In 1961 Joan Hartshorne who had been a dancer with Jose Limon became the director of the Karamu Dancers and remained so until 1981. The schedule of dance classes remained very vigorous during Joan's tenure and the Karamu Concert Dancers had a full schedule of performances at Karamu and in and around Cleveland. At times, the group performed with the Cleveland Orchestra and in operas. The Karamu dance department also had community programs, after school and in the summer for young people all around the city. The Karamu Concert Dancers were the program teaching artists. Many young people got the "bug" to continue dance studies from these satellite programs.
In the 1980s and 90s dance classes continued at Karamu. Yet, by the 1990s there were not as many focused programs.
In 1980 Marjorie Witt Johnson, together with Karamu artistic director Linda Thomas Jones, founded the Imani African American Dance Co., a troupe which danced to West African music, reminiscent of the original Karamu Dancers.
In 2000 Michael Medcalf, a dancer originally from Cleveland (in the first graduating class of Cleveland School of the Arts) returned to his hometown to develop his own company, Cleveland Contemporary Dance Theatre. Michael studied extensively in Philadelphia and New York and had a professional career with Cleo Parker Robinson Dance in Denver, Colorado. In 2004 Cleveland Contemporary Dance Theatre became the resident company at Karamu House. During the years of the residency, until 2009, the company conducted classes and the dance vibrancy returned to Karamu. It was at the invitation of Michael that Dianne McIntyre researched and choreographed "Daughter of a Buffalo Soldier" the life of Marjorie Witt Johnson.
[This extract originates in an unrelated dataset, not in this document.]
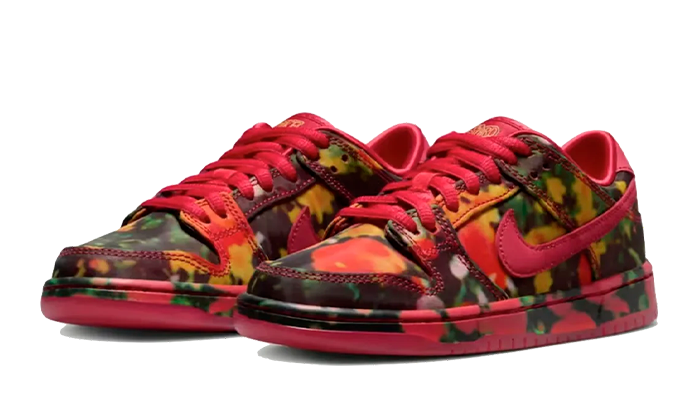 Nike SB Dunk Low The Wizard of Oz Poppy Field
It was performed at Karamu in 2005. Ms. Johnson and some of the original members of the Karamu dancers were in attendance. Photos in the lobby were of the original group - some from Life Magazine and others found from the 1930s. Ms. Johnson passed away in 2007 at the age of 97.
Dianne McIntyre took modern dance classes as a child in an after-school program. Her teacher was Virginia Dryansky, a Karamu Dancer. She continued studying with her and her ballet teacher, Elaine Gibbs Redmond. Over the years, though living in New York, she choreographed, directed and performed numerous times at Karamu. Since her return to Cleveland in 2003, Dianne has been a part of productions and dance events at Karamu.
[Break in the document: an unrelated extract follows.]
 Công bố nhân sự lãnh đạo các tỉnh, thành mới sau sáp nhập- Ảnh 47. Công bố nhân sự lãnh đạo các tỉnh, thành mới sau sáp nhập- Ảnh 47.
Over its 106 years, Karamu has cultivated a well-deserved reputation for nurturing African American performing and visual artists. Today, Karamu continues to produce professional theatre, provide arts education and present community programs for all people while honoring the African American experience.
- Karamu House founded as a neighborhood settlement house
- Marjorie Witt Johnson started the first Karamu Dancers.
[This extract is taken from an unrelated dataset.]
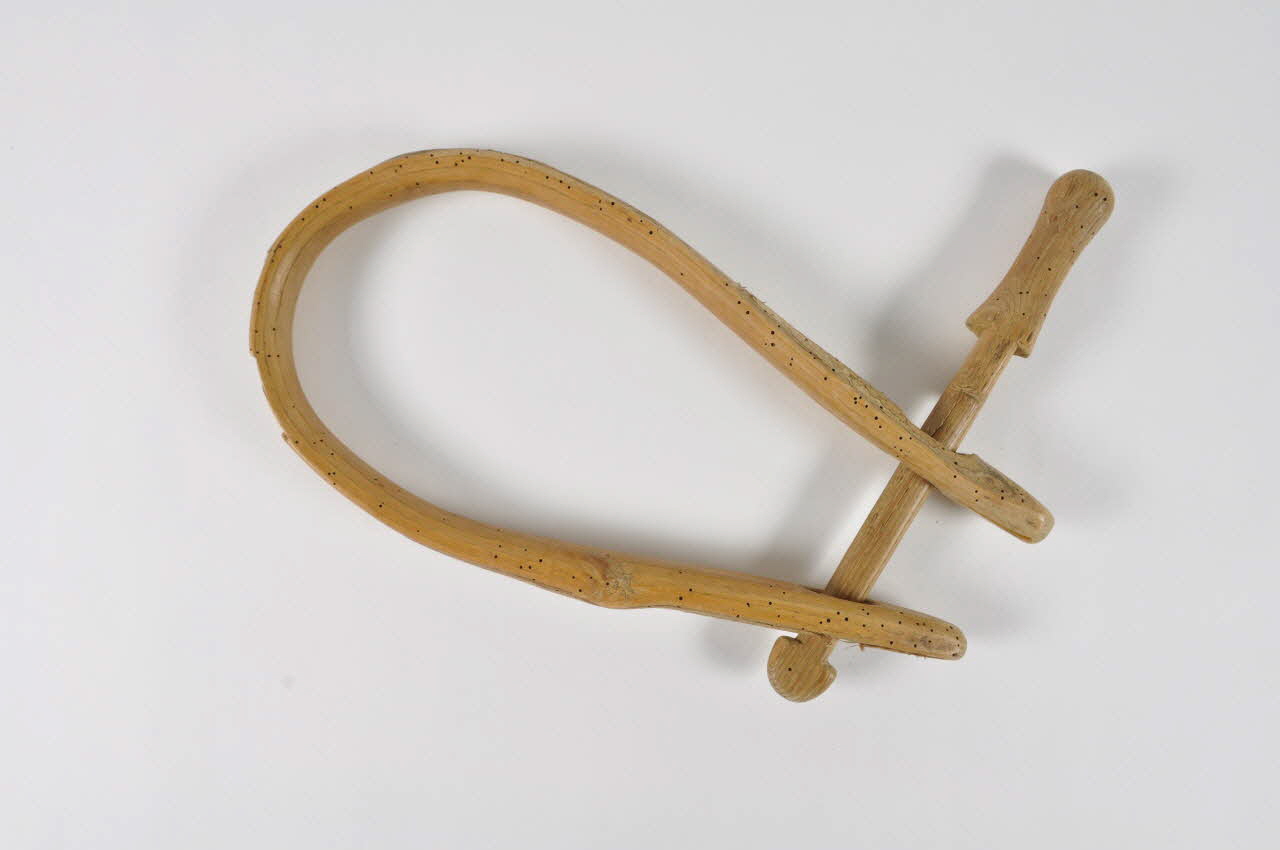 COLLIER DE VACHE kanaolo 1961.110.27.1-2 Photo Mucem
- The Karamu Dancers performed at the World's Fair in New York to much acclaim and the company was photographed by Life Magazine and the brilliant images appeared in a 1940's issue of the magazine.
- Karamu Concert Dancers came under the direction of Eleanor Frampton who had taught dance previously at the Cleveland Institute of Music.
- Joan Hartshorne who had been a dancer with Jose Limon became the director of the Karamu Dancers. She remained so until 1981.
- Marjorie Witt Johnson, together with Karamu artistic director Linda Thomas Jones, founded the Imani African American Dance Co., a troupe which danced to West African music, reminiscent of the original Karamu Dancers.
- Michael Medcalf, a dancer originally from Cleveland (in the first graduating class of Cleveland School of the Arts) returned to his hometown to develop his own company, Cleveland Contemporary Dance Theatre.
- Cleveland Contemporary Dance Theatre became the resident company at Karamu House.
- Dianne McIntyre was invited by Michael to research and choreograph "Daughter of a Buffalo Soldier" the life of Marjorie Witt Johnson. It was performed at Karamu in 2005.
- Ms. Johnson passed away at the age of 97.